House Spent About $2M of Taxpayers' Money on Coffee, Pastries
Most Americans start their day with at least one cup of coffee, maybe paying $2 to $5, but many might be surprised to know they also treat their members of Congress to some joe and a bagel or two, as well.
The Sunlight Foundation, a watchdog group advocating for government transparency, crunched the numbers for ABC News and found that the House of Representatives spent nearly $2 million on coffee and food in 2012 for events in and around the Capitol.
"Congress is spending an awful lot of money to entertain their members," said Bill Allison, the foundation's editorial director. "[It's] coffee and doughnuts and then some very nice catering places in Washington, D.C., as well."
The money is part of lawmakers' representational allowances, which can be used to pay for everything from sending mail to constituents to entertaining visitors. The foundation did not know who the visitors were.
Although lawmakers were paring back, Allison said, they hadn't changed certain rules when it came to food and drink.
"Catering companies can get as much business from the House as they have in the past," he said.
The Sunlight Foundation found that expensive catering was truly a bipartisan effort, with leaders hosting their own members. Republican House Speaker John Boehner spent $64,000. Democratic House Minority Leader Nancy Pelosi spent $61,000. and No. 2 Democrat Steny Hoyer spent $52,000.
The biggest spender in the House was No. 3 Republican Kevin McCarthy of California.
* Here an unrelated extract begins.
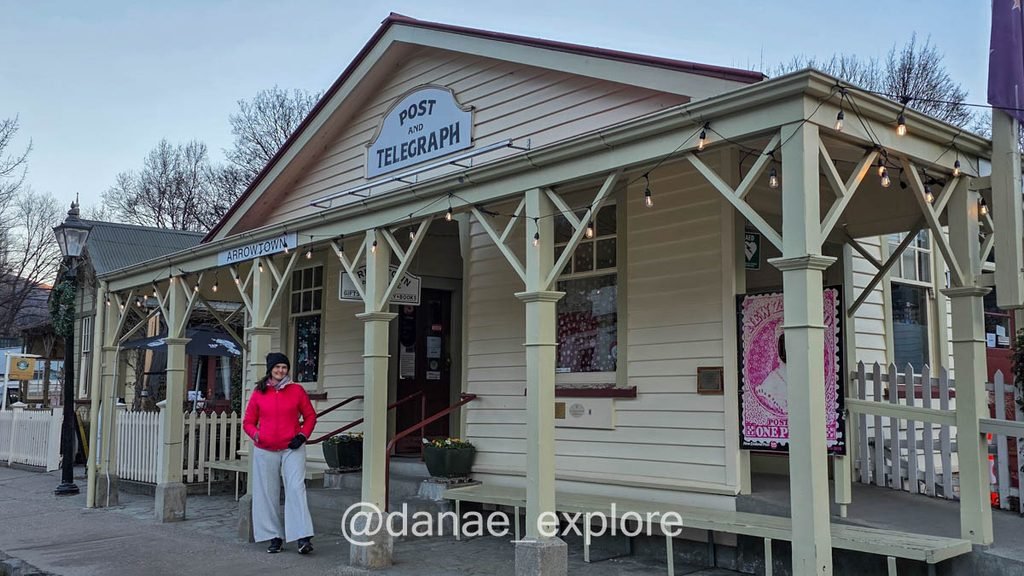Eu passeando em Arrowtown, na foto estou de blusa vermelha e calça branca diante do antigo prédio dos correios e telégrafos de Arrowtown.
On his Facebook page, pictures of meetings include fruit, bagels, croissants and coffee.
McCarthy's 2012 grand total - $95,000, with an additional $4,000 being spent on bottled water - was enough to pay the salaries of two mid-level staffers on Capitol Hill.
"That's a couple of jobs for the average American," Allison said.
McCarthy declined an ABC News request for an interview.
When ABC News approached him as he walked down a hallway in the Capitol to ask about the nearly $100,000 spent to cater meetings and dinner, he responded: "You noticed. We cut it out."
Actually, what ABC News noticed were the leftovers from a meeting McCarthy had just attended. A staffer even offered a bagel.
While McCarthy said he was making cuts, his office did not provide any numbers.
Allison said Americans should ask their leaders to buy their own coffee and pastries.
"We are in an age of austerity and sequestration and budget cuts," Allison said. "It seems like if you are looking for places to cut, the entertainment budget would be the first one you would go to."